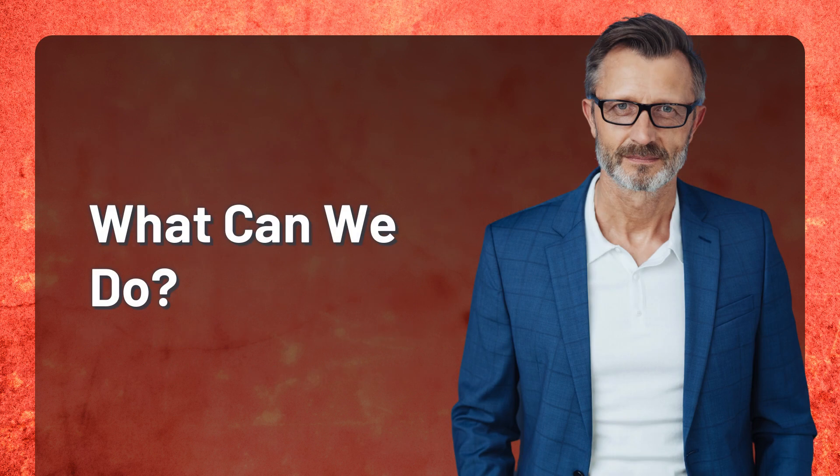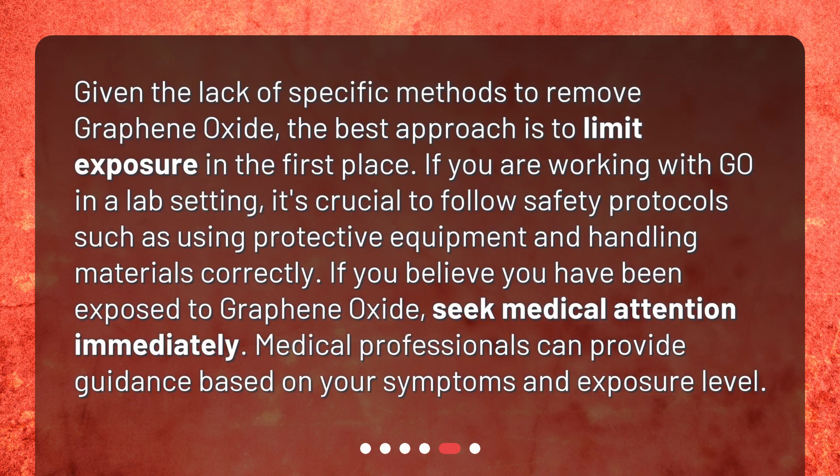What can we do? Given the lack of specific methods to remove graphene oxide, the best approach is to limit exposure in the first place. If you are working with GO in a lab setting, it's crucial to follow safety protocols such as using protective equipment and handling materials correctly. If you believe you have been exposed to graphene oxide, seek medical attention immediately. Medical professionals can provide guidance based on your symptoms and exposure level.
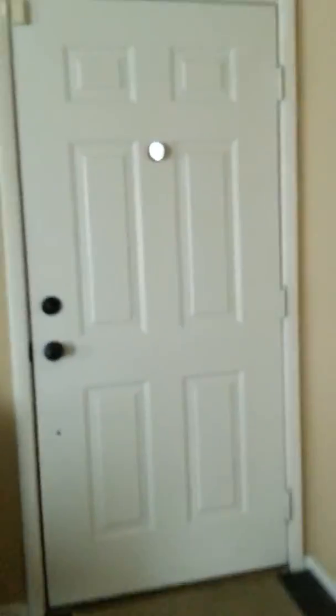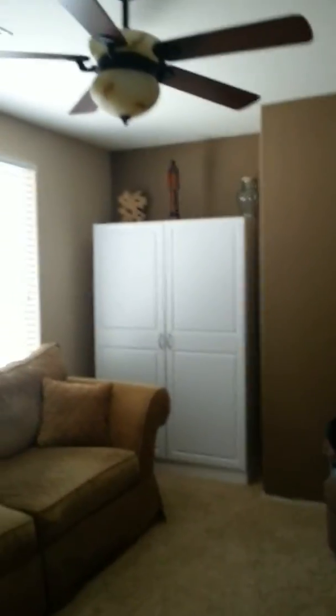That's one, two bedrooms. I'll open this one for you. This is a den because there's no closet. It's a ceiling fan. Or it could be a bedroom if you convert that into a closet. With a ceiling fan.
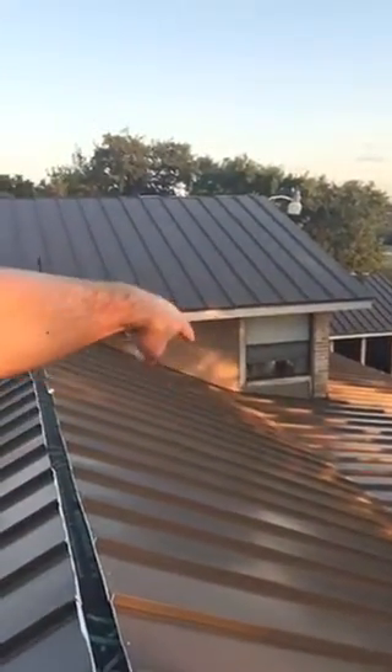We do the same thing behind the chimney. And as I mentioned, we're going with a mechanically locked panel — that way we can do the pitch change without doing a transition piece right there. Our valley metal still has the plastic on it so it doesn't get all scratched up.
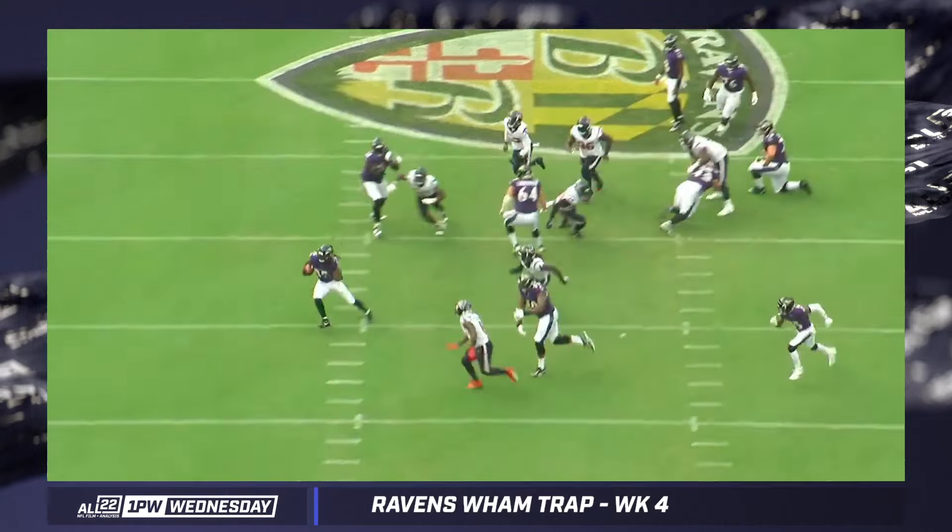Todd Monken does a great job of that with many formations and plays. This particular one — 11 personnel, or in this case 21, twin slot with the running back and the H-back Ricard either on the same side or in the pistol — I think is something we could build off of and create more offensive sequences to bait defenses into over-adjusting to stop this play, then hammer them with something else to the other side.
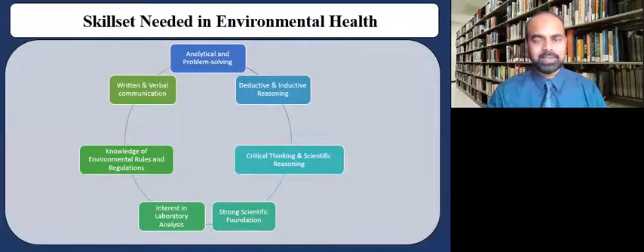Some of the skill sets that are needed in environmental health are shown in this diagram, and they're pretty common across many disciplines in the sciences. You definitely need very significant analytical and problem-solving skills, as well as deductive and inductive reasoning. Critical thinking and scientific reasoning are also very important, and a strong scientific foundation is very critical. Interest in laboratory analysis and knowledge of environmental rules and regulations are critical for your success in this field. Finally, written and verbal communication round out the skill set that employers value.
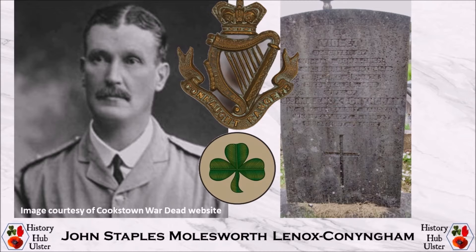He was a lieutenant colonel and stationed at Curra Military Camp in Kildare with the 2nd Battalion Connacht Rangers in 1911. He retired on half pay in 1912 but was recalled after the start of the Great War and appointed as commanding officer of the 6th Battalion Connacht Rangers.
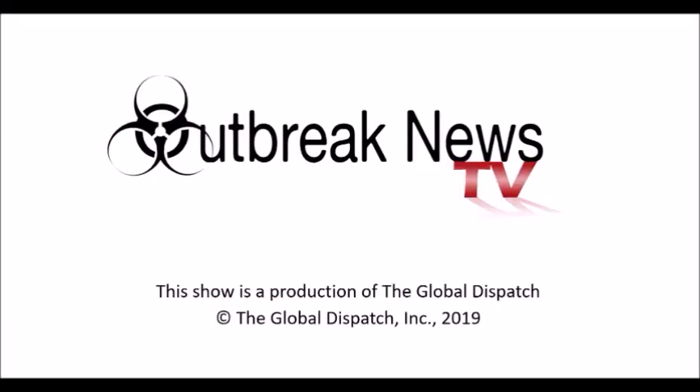Outbreak News TV is a production of The Global Dispatch. Copyright The Global Dispatch Incorporated, 2019.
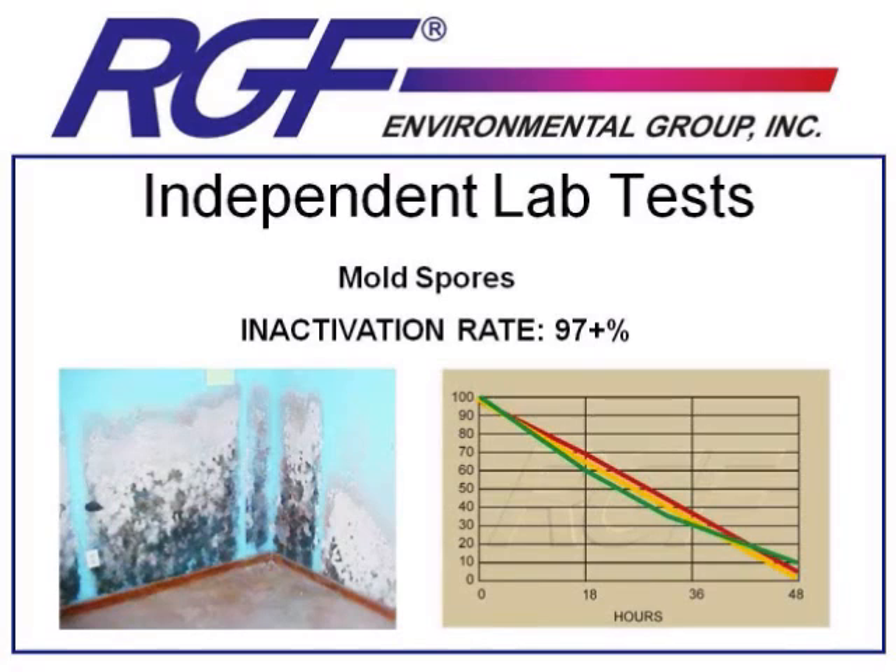We've gone over a few of our test results, but RGF has some of the most extensive third-party validation in the industry. If you contact us or go on our website, www.rgf.com, you should find a full book of test results detailing a large number of microbes and gases that we've effectively tested on.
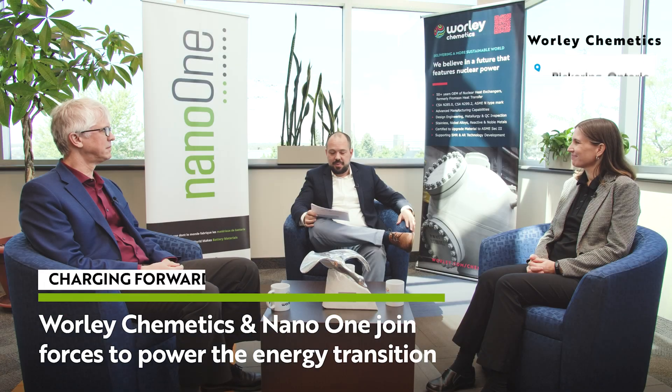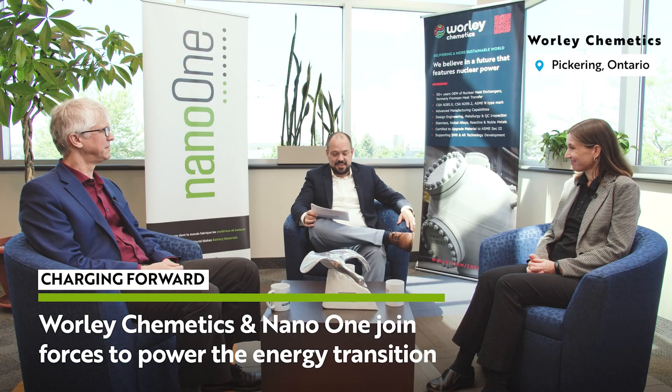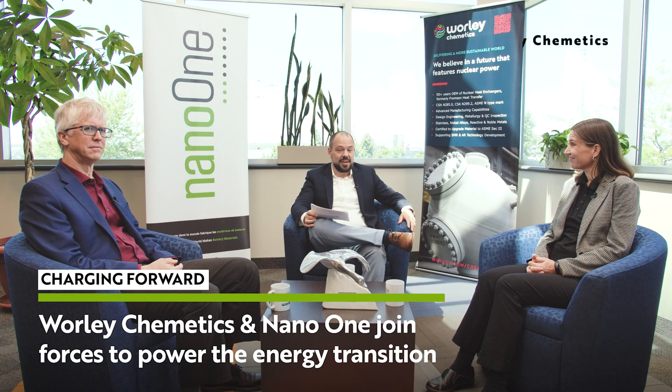We're here today in the beautiful city of Pickering, Ontario at the Worley Chemetics manufacturing site to inaugurate the expansion of the plant. Sitting with me today are Laura Leonard, Group President Technology Solutions at Worley, and Dan Blondahl, CEO and founder of NanoOne. The two companies announced an alliance earlier this month to globally deploy NanoOne's patented technology for the production of cleaner and more competitive cathode active materials. Laura, can you give me an overview of Worley and the plant here and what's happening today?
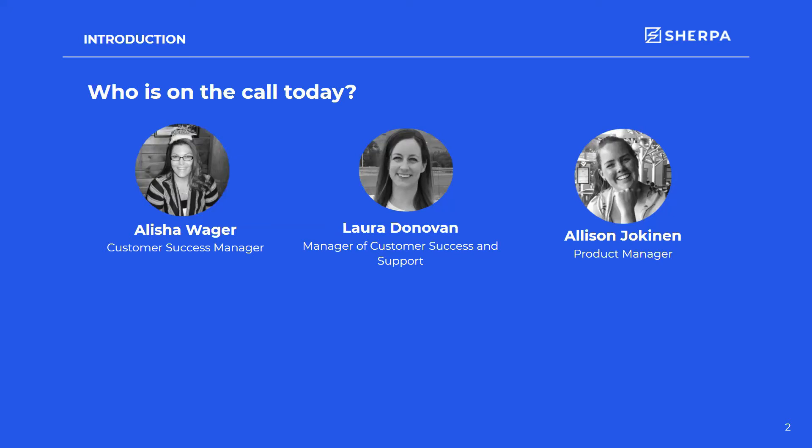I am Alicia. We have Laura, who is the manager of our customer success and support teams, and Allison, our product manager.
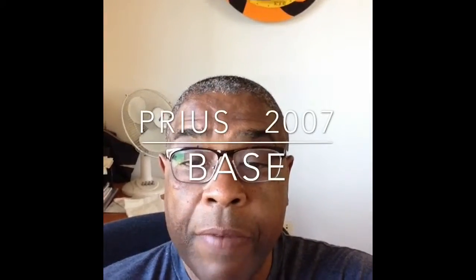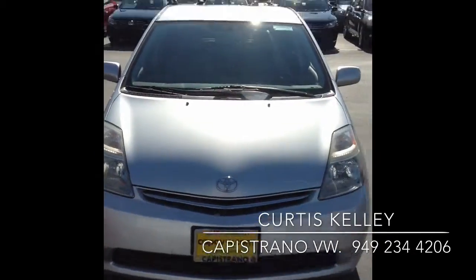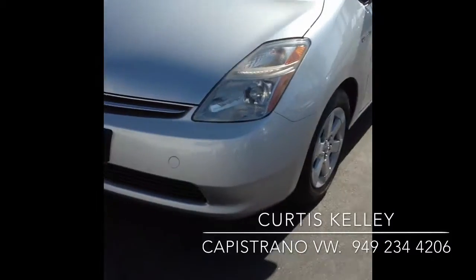Hi guys, this is Curtis over at Kappa VW and I have a video for you. Today I have for you a 2007 Prius base. It's the S model. The color is silver.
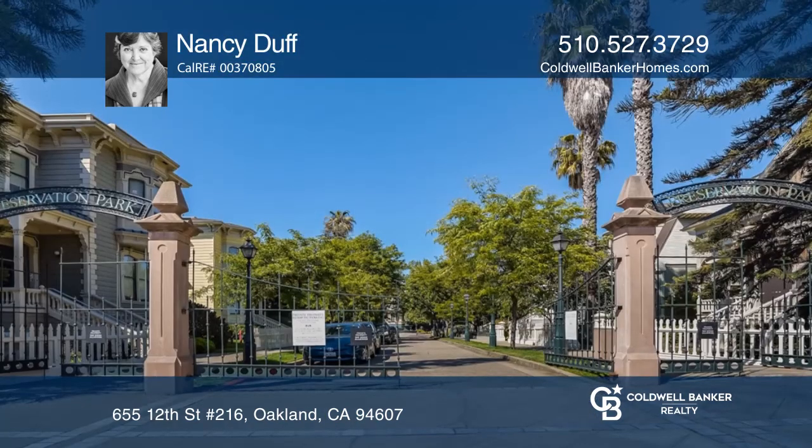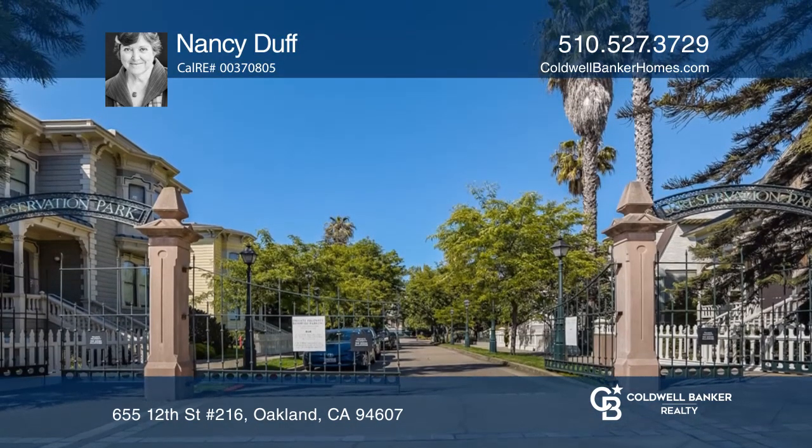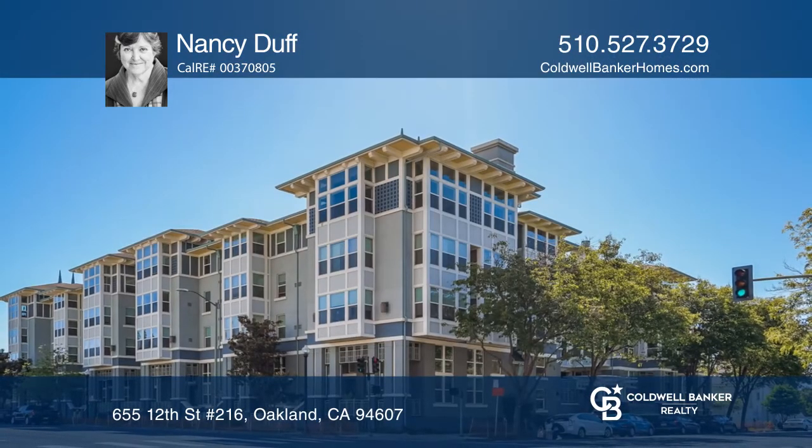If you're looking to get the most out of city life, you'll love this unit. Act now and make it yours by calling Nancy Duff.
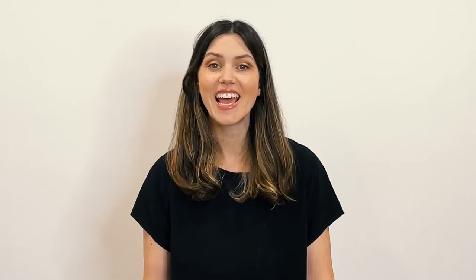Improves Your Mood. In addition to boosting your energy levels, magnesium lotion also has the potential to improve your mood. This is because magnesium helps regulate melatonin and serotonin.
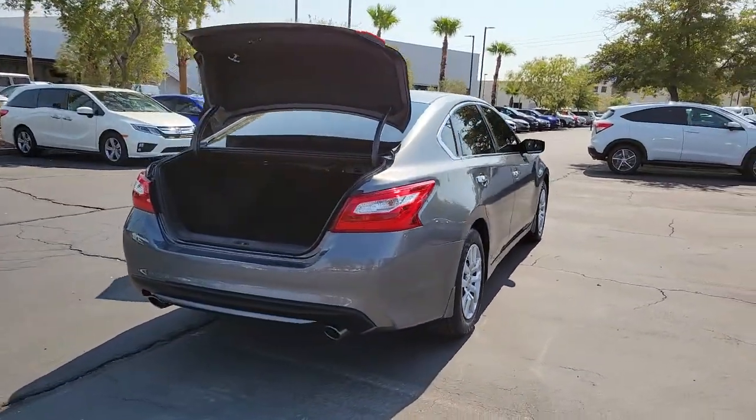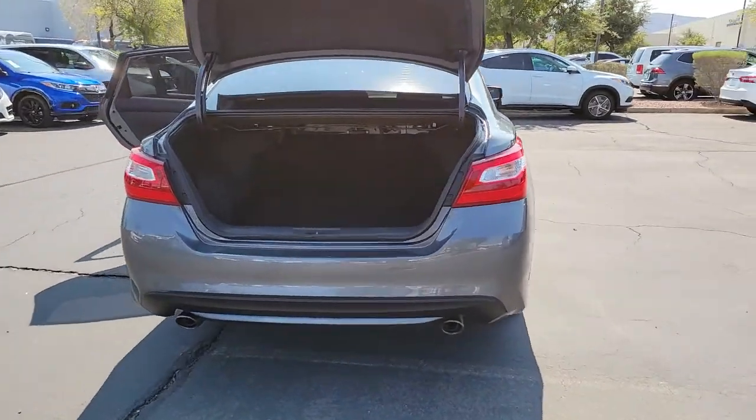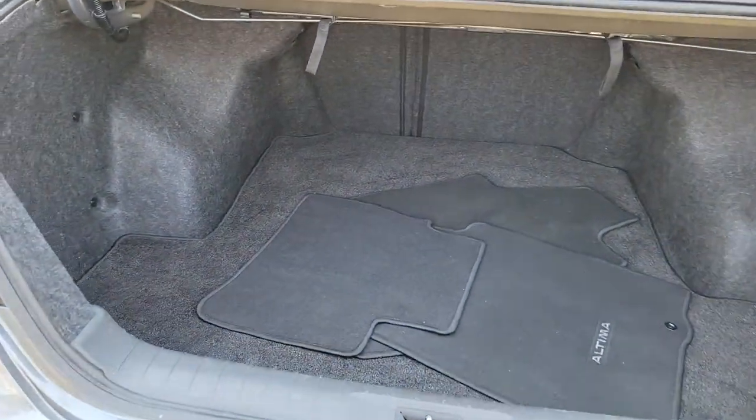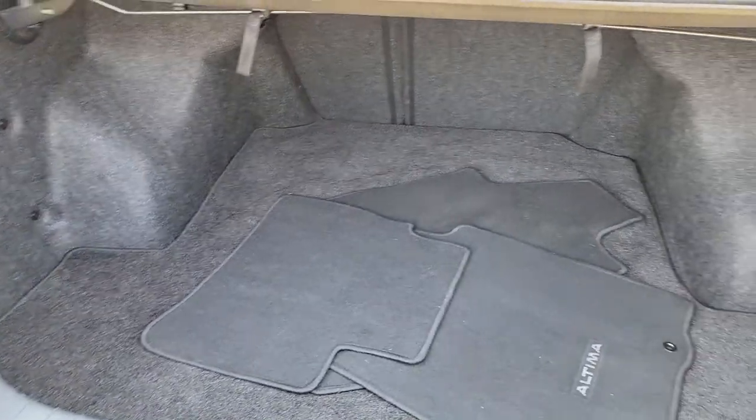Spacious comfort, active safety tech and connectivity, flexible layout, athletic performance, and available all-wheel drive. Set the stage for a confident and highly enjoyable driving experience.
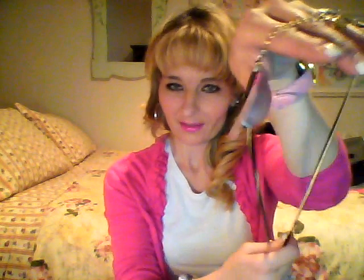I left the tag on it in case I change my mind, because it is pretty big. I'm not used to wearing big and chunky jewelry like this, but I think it's cute with a sweater, t-shirt, whatever.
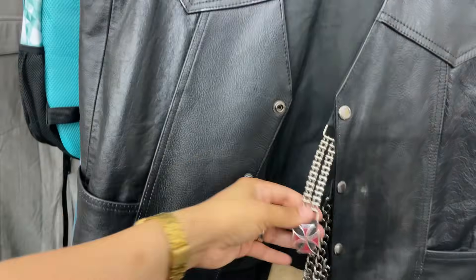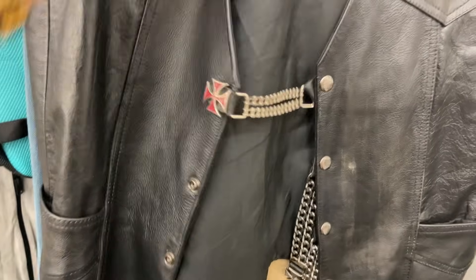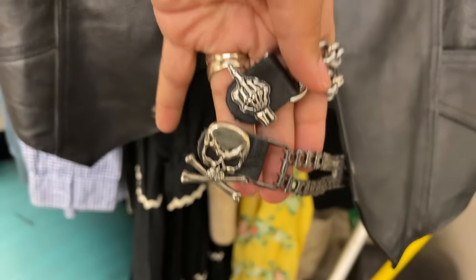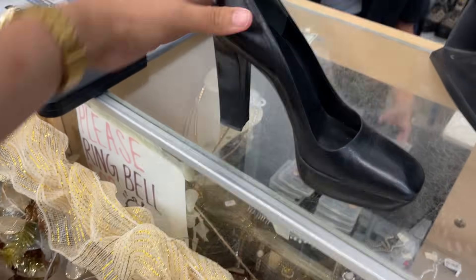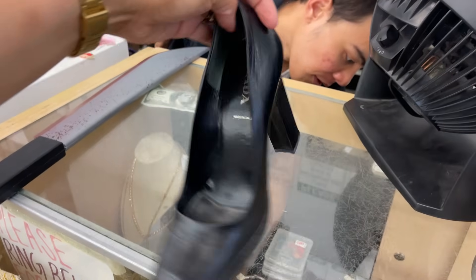Sidebar — this is super cute. Pretty pricey though, but for real leather. It's a size 38, seven and a half. Not my size.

_ _ _ _ _ _ _

**Task description:**
Output only the lines above from the one containing "Todd Monken does" to the one containing "He was a lieutenant", both included, exactly as written and with no pictures.

**Exercise result:**
Todd Monken does a great job of that with many formations and plays. This particular one — 11 personnel, or in this case 21, twin slot with the running back and the H-back Ricard either on the same side or in the pistol — I think is something we could build off of and create more offensive sequences to bait defenses into over-adjusting to stop this play, then hammer them with something else to the other side.
Some of the skill sets that are needed in environmental health are shown in this diagram, and they're pretty common across many disciplines in the sciences. You definitely need very significant analytical and problem-solving skills, as well as deductive and inductive reasoning. Critical thinking and scientific reasoning are also very important, and a strong scientific foundation is very critical. Interest in laboratory analysis and knowledge of environmental rules and regulations are critical for your success in this field. Finally, written and verbal communication round out the skill set that employers value.
He was a lieutenant colonel and stationed at Curra Military Camp in Kildare with the 2nd Battalion Connacht Rangers in 1911. He retired on half pay in 1912 but was recalled after the start of the Great War and appointed as commanding officer of the 6th Battalion Connacht Rangers.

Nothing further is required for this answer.